第4回研究会(2006年11月25日(土) 14時 〜)講演概要



講演者: 宇野 毅明 氏 (国立情報学研究所)
タイトル: 頻出パターン列挙問題と高速アルゴリズム
概要:与えられたデータベースに多く現れる、ある性質を満たした構造を 全て見つける問題を「頻出パターン発見(列挙)問題」という。 例えば、各項目がある集合の部分集合になっている、つまり 部分集合族であるデータベースから、多くの項目に含まれる 部分集合を見つける、各項目がグラフであるようなデータベースから 多く現れる木構造を見つける、といった問題である。 直感的にも明らかなとおり、この手の問題は指数個の解を持ちうる。 また、実用で用いられるような巨大なデータベースに対しては、 1反復あたりの計算時間が長くなるので、到底実用的なアルゴリズムは 作られないと考えられる。しかし実際には、多くの場合、実用的な アルゴリズムが存在し、実用的な時間で列挙できる。 本講演では、このような実用的なアルゴリズムを構築するための、 モデル構築法、アルゴリズム理論、および実装にかかわる技術 を紹介する。
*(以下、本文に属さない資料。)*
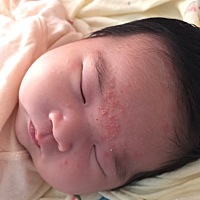 宝宝这个是湿疹吗 在两眼中间也不敢擦药 怕宝宝弄到眼睛里去 怎么办啊。。。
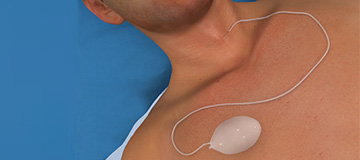 Thyroid Surgery icon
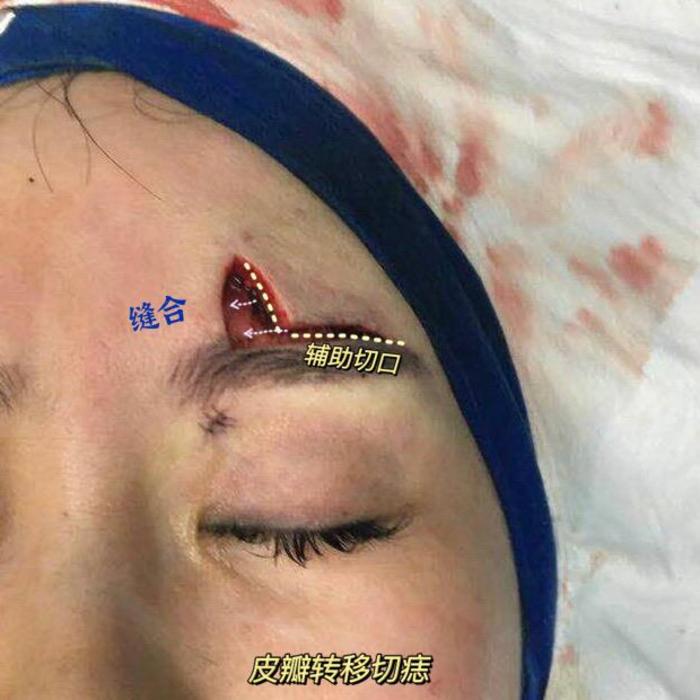 术中由于痣面积较大,所以利用眉上切口推进部分皮肤至缺损部位愈后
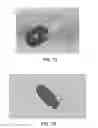 Fig. 40 - Apparatus and method for ligament reconstruction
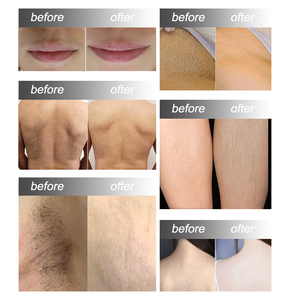 Depiladora de Diodo SH Supper Cooling para Depilación - Product Image 6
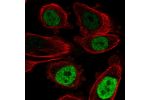 Immunofluorescent staining of human cell line PC-3 shows localization to nucleoplasm.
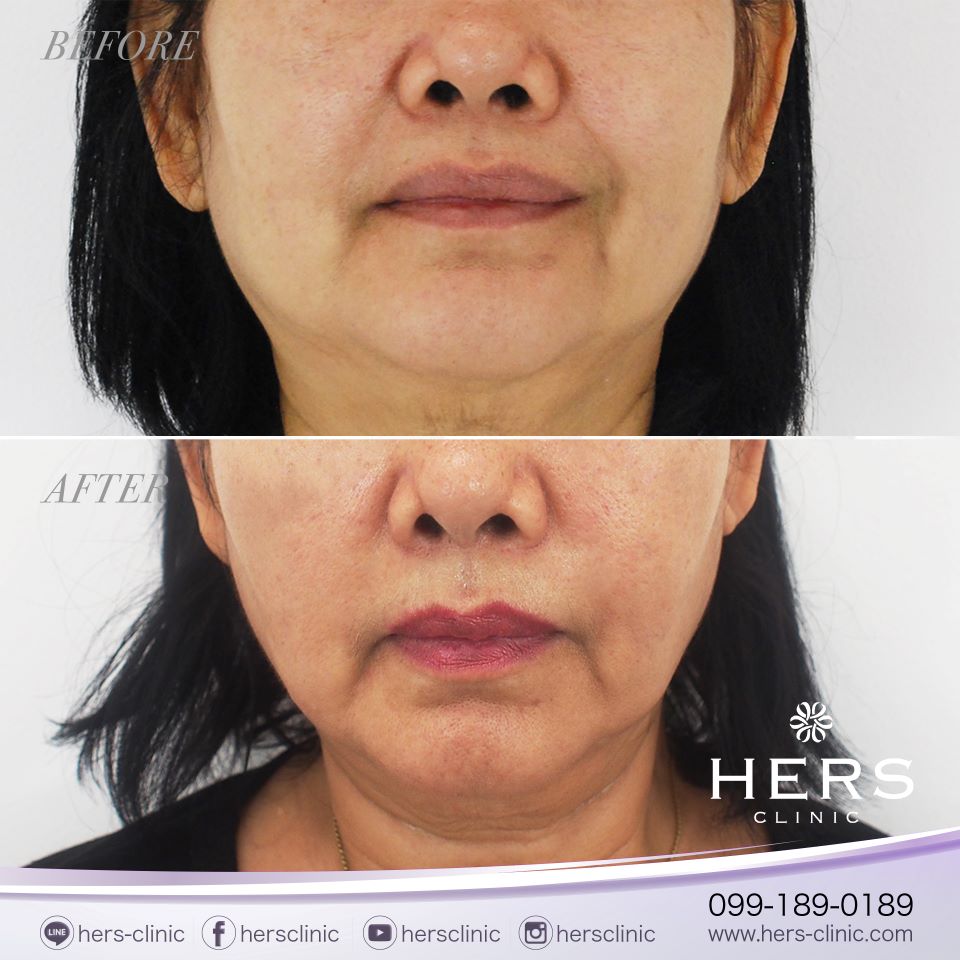 ตัดไขมันกระพุ้งแก้ม ลดแก้ม หน้าเรียว Hers Clinic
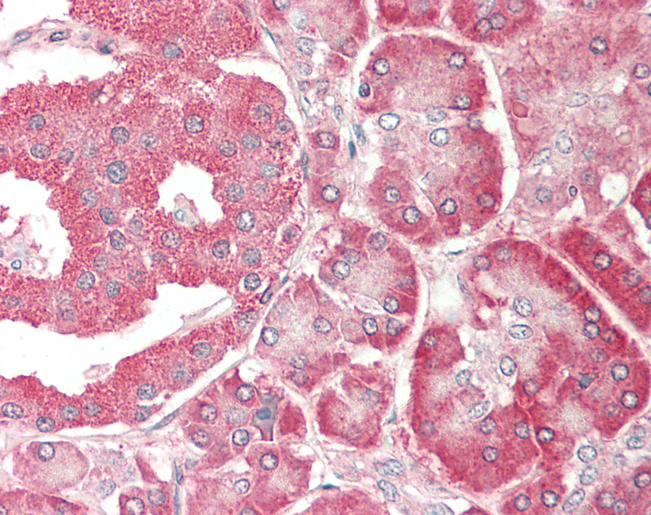 Human Pancreas: Formalin-Fixed, Paraffin-Embedded (FFPE)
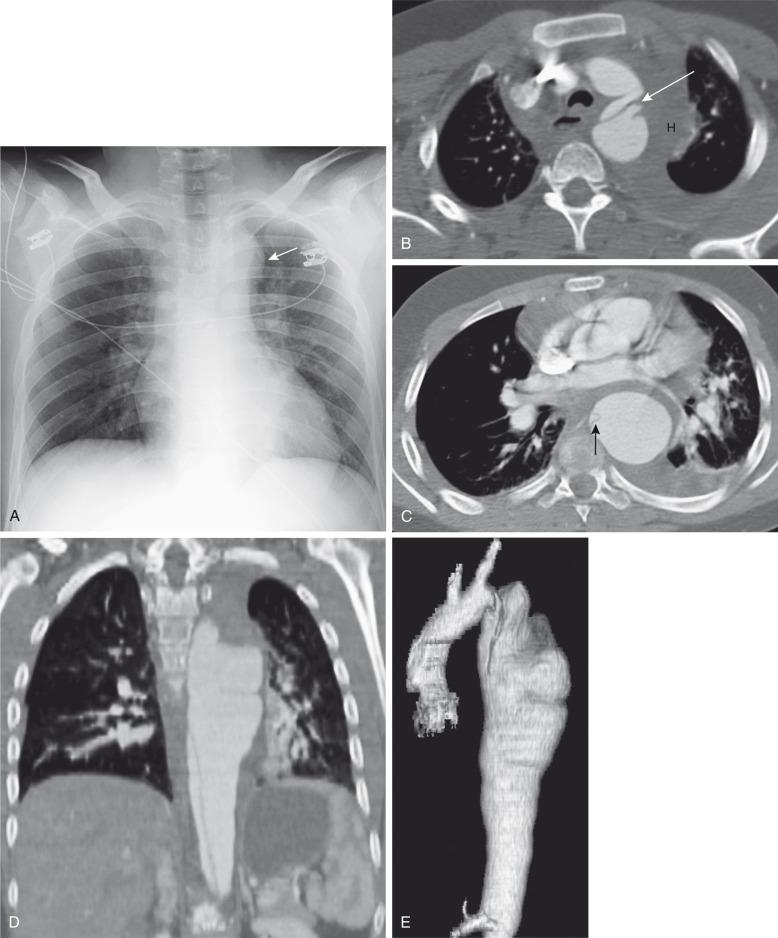 Figure 78.3, Ehlers – Danlos syndrome.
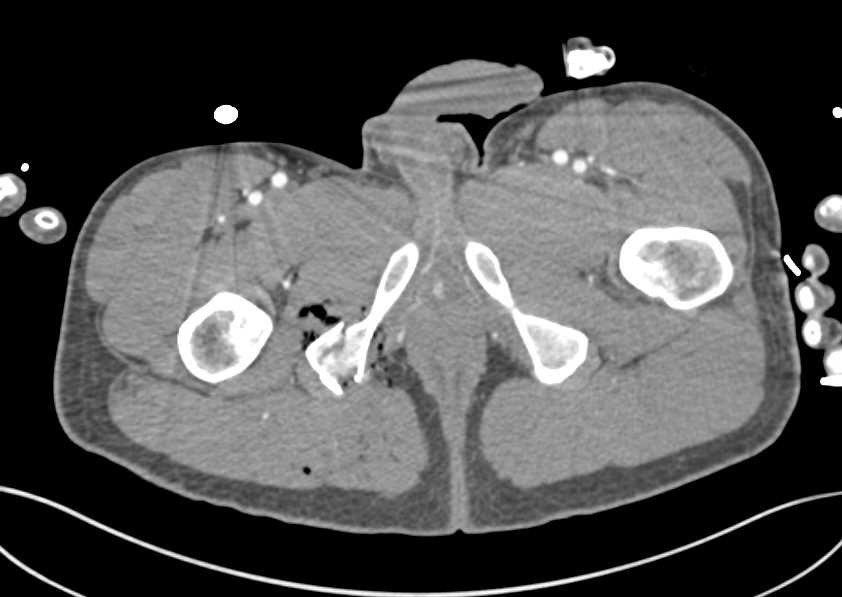 Gunshot Wound (GSW) with Fractures but Patent Vascular Map - CTisus CT Scan
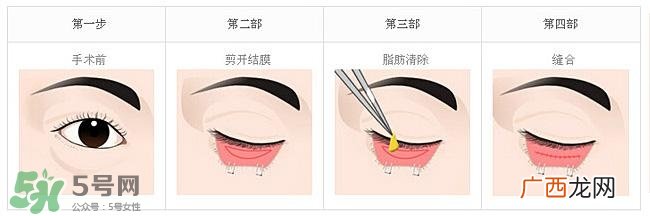 眼袋是怎么形成的?手术去眼袋安全吗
講演者: 今井 浩 氏 (東京大学・JST ERATO-SORST)
タイトル: 量子情報を数理計画する
概要: 実学としてのORの1つの側面が、社会科学での種々の問題をモデル化してそ れを解く方法を与えることを、実践と理論の両方から目指すものだとすると、 対象を自然科学の問題から採ったORもありうるだろう。ここでは、量子力学を 情報処理システムで活用する量子情報の分野をその対象として、OR的アプロー チを図ることについて考えたい。といっても、実際にできていることは、ORと は全く関係ないようにも見える量子情報の諸問題が、数理計画の諸分野の組合 せ最適化・凸多面体的組合せ論・半定値計画・非線形計画と密接に関係してい ることを見抜いて、量子力学を情報処理の観点から見たときでの色々な知見を 与えるという程度かもしれないが。一方、量子情報での成果が、数理計画への 面白い知見を与えてもいる。講演では、量子情報の基礎は仮定せず最低限を最 初に概観し、上述の成果について数理計画を背景としてもった人に述べるとい うスタンスで紹介したい。